Also in the document was a call for repeal of the 2001 Authorization for the Use of Military Force that has been cited as part of the legal justification for drone strikes, a call upon Congress to conduct a comprehensive independent study of the impact of lethal drones on targeted communities and drone operators, and a call upon leaders to take the nation off the path of unending war by instead turning toward the task of building peace by funding alternative measures.
What comes next will be up to the participants of the conference and the religious communities they go home to. During the final session, discussion turned to how participants will engage their religious communities and how organizations that already have made statements (the 2013 Church of the Brethren Annual Conference resolution is at www.brethren.org/ac/statements/2013resolutionagainstdronewarfare.html ) can collaborate and increase their advocacy. There was talk of creating a national organization to focus on drones specifically. A similar conference in 2006 about torture led to the creation of the National Religious Campaign Against Torture.

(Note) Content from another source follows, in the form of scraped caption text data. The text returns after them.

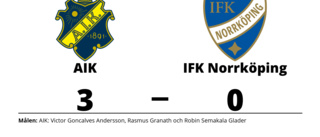 IFK Norrköping föll mot AIK på bortaplan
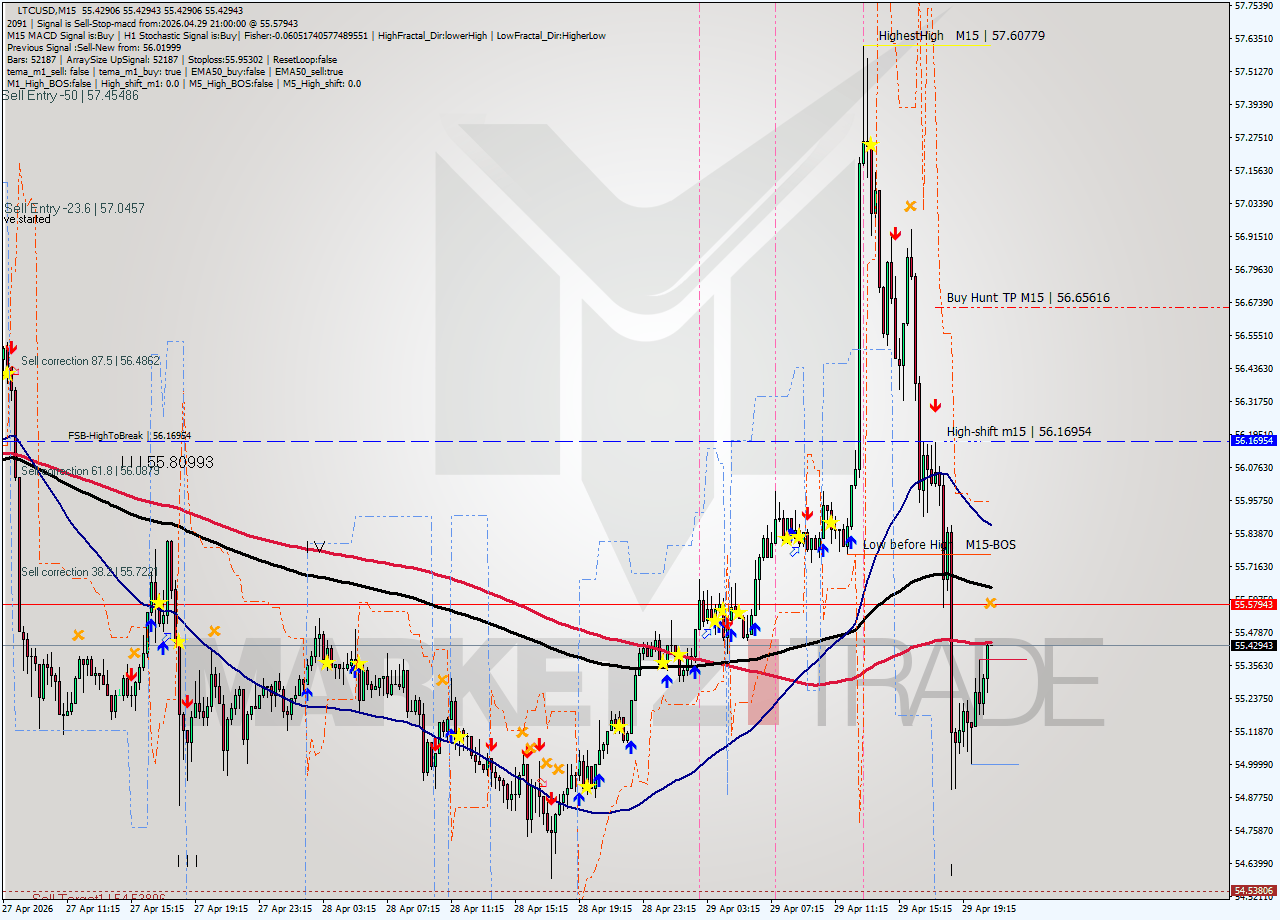 LTCUSD M15 Signal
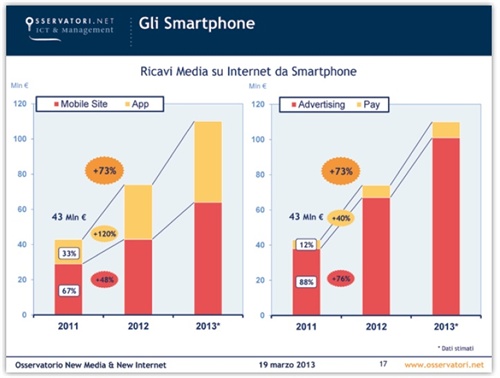 Fig. 3 - Ricavi Media su Internet da Smartphone. Fonte: Oss. New Media&New Internet - Politecnico Milano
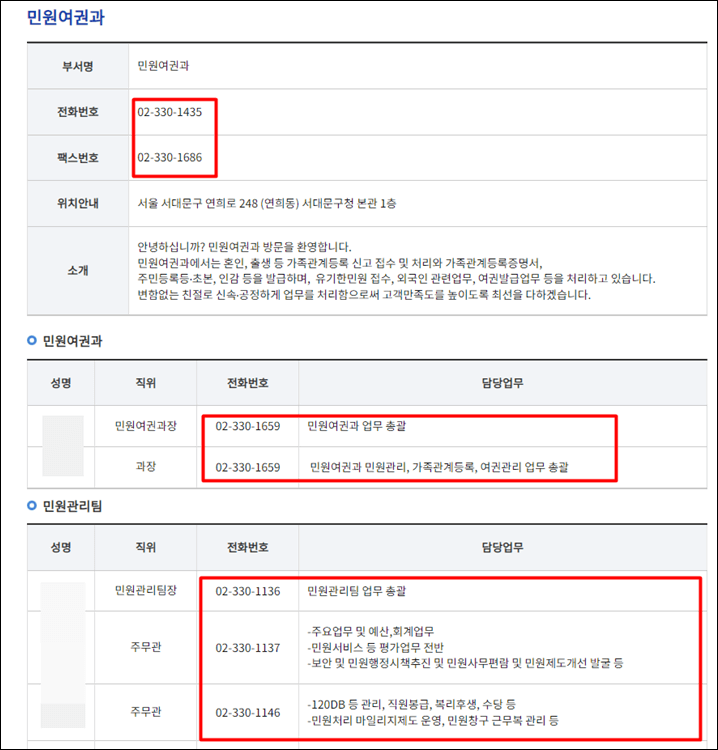 서대문구청-전화번호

Mennonite Central Committee US Peace Education coordinator Titus Peachey closed out the conference reflecting on Luke 9:51 55. The disciples asked Jesus if he would like for them to command fire to come down from the heavens and consume the village of the Samaritans. Jesus rebuked them saying, “You do not know what manner of spirit you are of.” Peachey challenged the conference participants to reflect on what spirit we are of and how we are to resist the fire our own country shoots down upon others from the heavens using drones.
Regardless of the shape or form of this movement’s next steps, it is safe to say that the voice of the interfaith community of the United States will be speaking up loudly about the devastating effects of drone warfare.
— Bryan Hanger is advocacy assistant in the Church of the Brethren Office of Public Witness. Those who are working on the issue of drone warfare or who are interested in joining in the effort are requested to contact Nate Hosler, Director of the Office of Public Witness, at email@example.com . Go to www.brethren.org/advocacy/actionalerts.html to sign up for Action Alerts from the Office of Public Witness.
2) Reports from EYN staff, BDM volunteer focus on recent attack on Maiduguri, Nigeria
Muslims and Christians are fleeing Maiduguri, a large city in northeastern Nigeria, looking for safer places after Boko Haram insurgents attacked the area over the weekend and the Nigerian army responded, reports EYN staff liaison Markus Gamache.
In a separate report Cliff Kindy, a short-term volunteer in Nigeria with Brethren Disaster Ministries, writes about efforts of Ekklesiyar Yan’uwa a Nigeria (EYN, the Church of the Brethren in Nigeria) to serve the thousands who have fled into Maiduguri to escape continuing violent attacks of Boko Haram insurgents on other communities in northeast Nigeria.
Following are excerpts from Gamache’s report:
Mongonu army barracks and Mongonu town [near Maiduguri] have been taken over by Boko Haram. The attack on the main city of Maiduguri was repulsed and a 24-hour curfew was imposed to avoid any Boko Haram influx. [This means] more and more pressure on camps [of displaced people], food supplies, rented houses, need for transportation, medical help for more injured people, and more need to give awareness to the two faiths to understand their situation.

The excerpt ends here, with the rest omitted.